Application of an endoclip as a therapeutic endoscopic manoeuvre was described by Hayashi et al (11) in Japan more than 22 years ago. It is now in use for various clinical situations including the treatment of gastrointestinal bleeding, as well as the intraluminal closure of tissue defects, perforations and anastomotic leaks. There have been only a few previously reported cases of closure of a nonhealing GCF using endoscopic clips (12,13). Different combinations of modalities, such as endoclip with cyanoacrylate and endoclip with cautery have been reported in the literature for the management of GCFs (14,15). There is a small risk of endoscope damage with cyanoacrylate injection and its availability may also be an issue in certain centres.

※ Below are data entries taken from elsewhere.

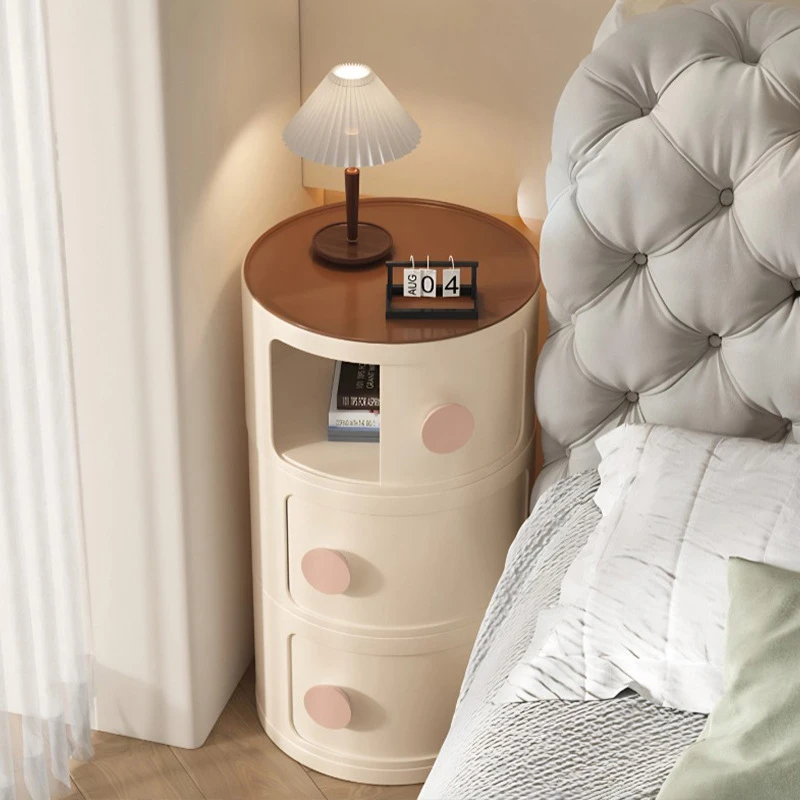 床头柜小型家用卧室置物架简约现代收纳柜替代神器新款圆形小边几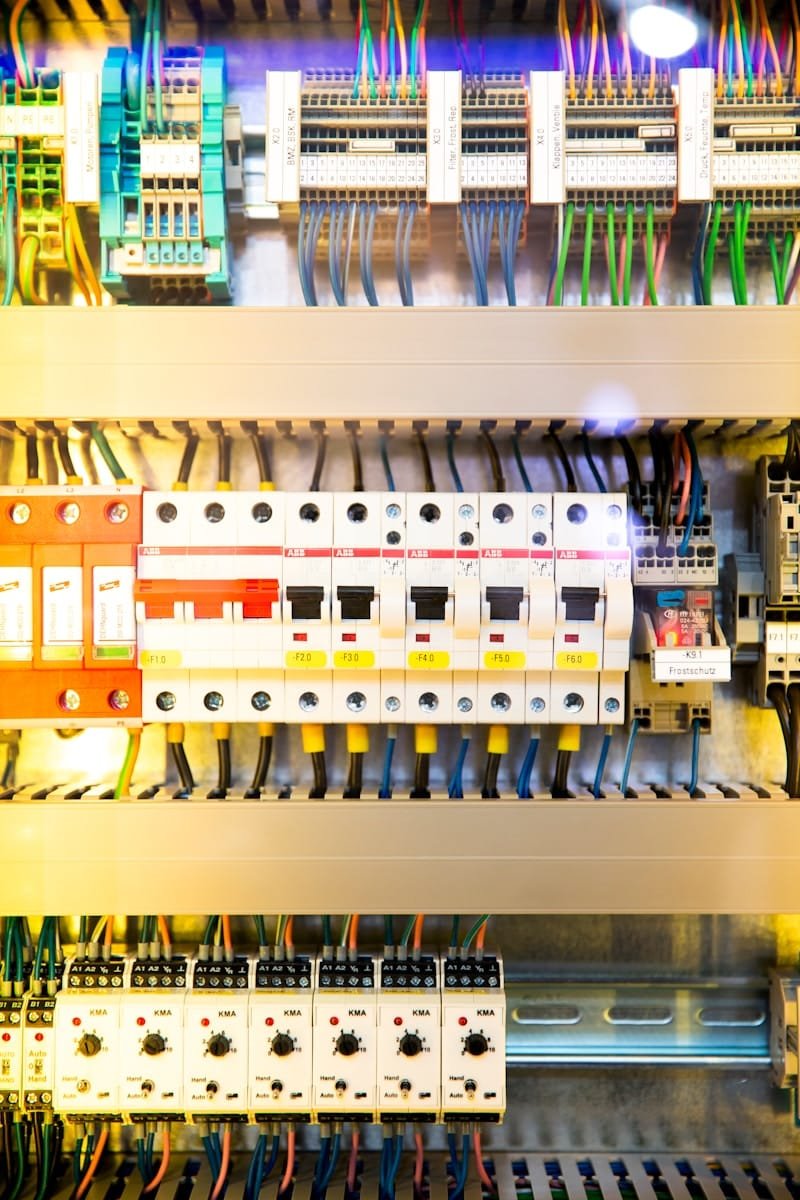 Photo by Markus Spiske Electrical distribution panel with circuit breakers and wiring, representing electrician recruitment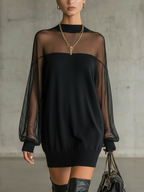 Amélie™ | Elegante Vestido corto negro con mangas de malla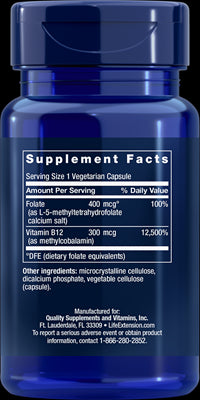LIFE EXTENSION, Folato bioactivo y vitamina B12, 90 capsulas vegetarianas | BioActive Folate & Vitamin B12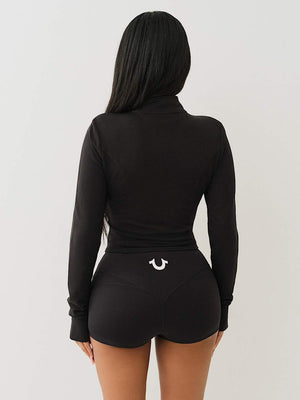 Printed Slim-fit Shorts Long-sleeved Zip-up Top 2-piece Sets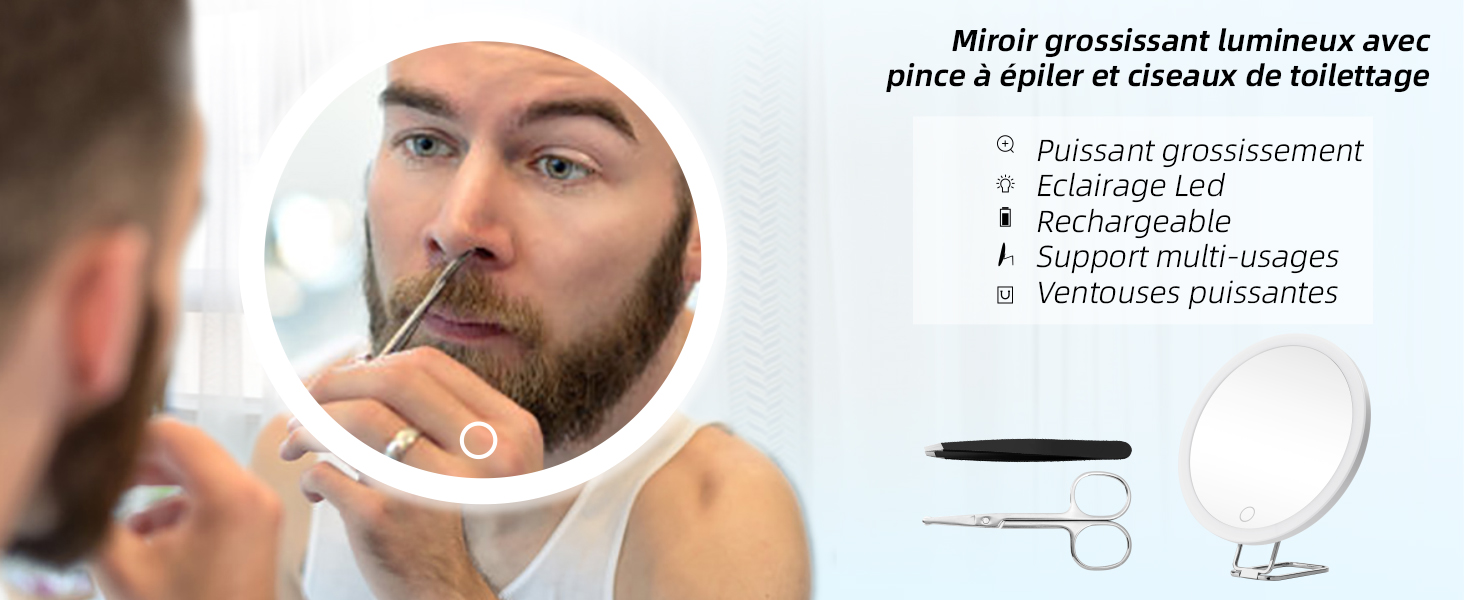 30X Magnifying Mirror with Light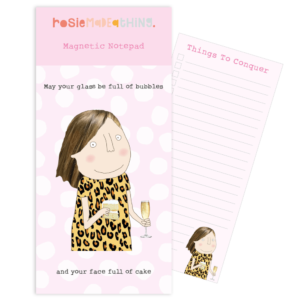 Bubbles & Cake Magnetic Notepad. Caption: 'May your glass be full of bubbles and your face full of cake.'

In the present report, endoclips were applied with a clip applicator device. For the closure of the fistula tract, APC was first used to coagulate the area and then an endoclip was used to grasp the margins of the defect and approximate the tissue. This procedure was found to be effective and the patient improved within days of closure of the fistula. The combination of APC with the implantation of endoclips for closure of GCFs opens a new modality for the management of GCFs.

CONCLUSION

Our experience shows that the placement of endoclips, along with APC, may prove useful in patients with refractory GCFs, and should be considered as a first-line therapy in refractory cases and preclude the use of surgery for the closure of a GCF.